Naschrift
Koen Jaspaert, algemeen secretaris Nederlandse Taalunie
Is het dan écht nooit goed wat de Taalunie doet? Het artikel van Van Oostendorp wekt dat vermoeden. Bij nader inzien bekritiseert het intenties die de Taalunie niet heeft en getuigt het van slordig denken.

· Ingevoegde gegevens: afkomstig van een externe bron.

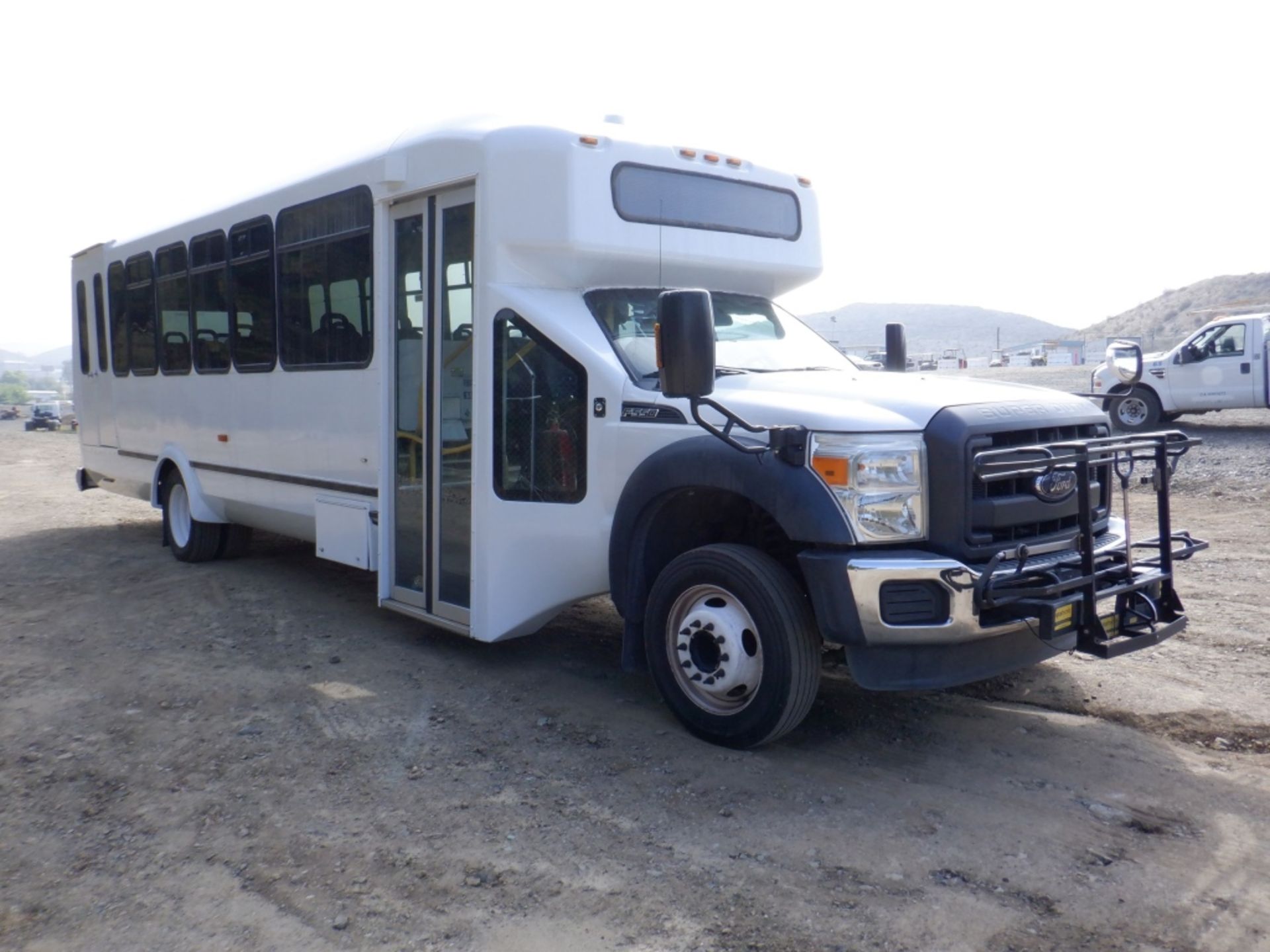 2016 Ford F550XL 29-Passenger Bus, - Image 2 of 26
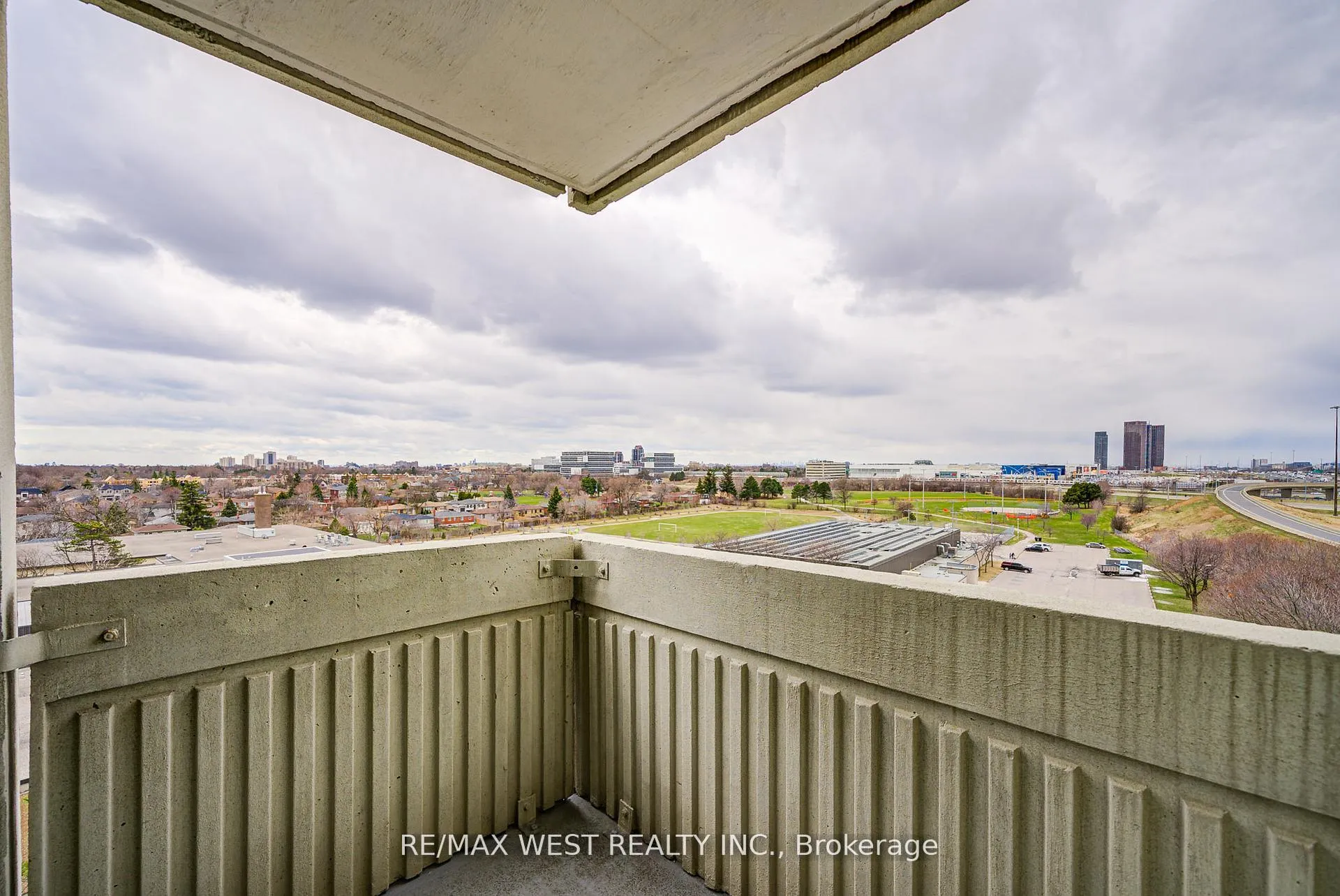 Photo 40 of Unit 906, 150 Neptune Drive, Toronto, Englemount-Lawrence — HOMEH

Wil de Taalunie het ‘absolute centrum’ zijn als zij koppelingen opneemt en een zoekmotor van en voor het Nederlands beschikbaar stelt? Doet zij daarmee anderen concurrentie aan? Natuurlijk niet. Een kind weet dat absolute centra in internetland niet kunnen bestaan! En je hoeft geen doorgewinterde surfer te zijn om te weten dat het zoeken van informatie hét probleem is op de elektronische snelweg, zeker als zij in een andere taal dan het Engels is gesteld. Natuurlijk bevatten veel weblocaties nu al koppelingen naar andere sites. Ze zijn echter toegespitst op deeldomeinen, een gevolg van de specifieke missie van de diverse informatieaanbieders. De meerwaarde van het Taalunieversum betreft juist het bijeenbrengen van die domeinen: Nederland én Vlaanderen, neerlandistiek intra én extra muros, taal én letteren, wetenschap én onderwijs, producenten én gebruikers! Bij ons weten werkt niemand anders aan een zoekmotor die speciaal voor informatie in en over het Nederlands is getraind.
Van Oostendorp zag die activiteiten enkele jaren geleden zelf nog als een belangrijke taak van de overheid. In zijn artikel ‘Een snelweg van woorden’, dat in 1997 verscheen in Taalschrift, het publicatieblad van de Taalunie, vergelijkt hij de elektronische snelweg met het gewone wegennet. ‘Wie zorgt er voor de openbare weg als de overheid het niet doet?’ zo vraagt hij zich af. En: ‘Als we niet via de overheid de handen ineengeslagen hadden, reden wij nu misschien nog op modderige zandweggetjes.’ Burgers in binnen- en buitenland helpen om sneller en beter informatie over het Nederlands te vinden, achten wij wel degelijk een taak van de Nederlandse Taalunie. Wie zou zorgen voor samenhang als de Taalunie het niet deed?
Het artikel bevat opmerkelijke denkfouten. Zo hoeft de ene activiteit de andere helemaal niet uit te sluiten. De Taalunie moet inderdaad meehelpen om de boekenplank te vullen. Zij wil dat graag doen. Bij alle projecten houdt zij tegenwoordig rekening met internet, ook bij de voorbereiding van een herziene editie van het Groene Boekje. De Taalunie moet discussie via internet stimuleren, maar wil dat niet gaan doen, lezen wij in het stuk. Hoe komt Van Oostendorp daarbij? Zelfs de huidige versie van het Taalunieversum, niet veel meer dan een statische demo, voorziet in die mogelijkheid.
Overleg met anderen is er zeer zeker. Van Oostendorp zelf is herhaaldelijk uitgenodigd, zoals trouwens de meeste aanbieders van de weblocaties die hij vermeldt. Twee onder hen zijn zelfs coördinator van een onderdeel van het Taalunieversum.
Zijn voornaamste bezwaar betreft het sanctionerend effect van het Taalunieversum. Informatie dreigt de facto het stempel ‘goedgekeurd door de overheid’ te krijgen. Die censorambities heeft de Taalunie echt niet: een wegennet leidt nu eenmaal naar zowel tempels als bordelen. De gebruikers zelf - niet de overheid - bepalen waar zij naartoe rijden!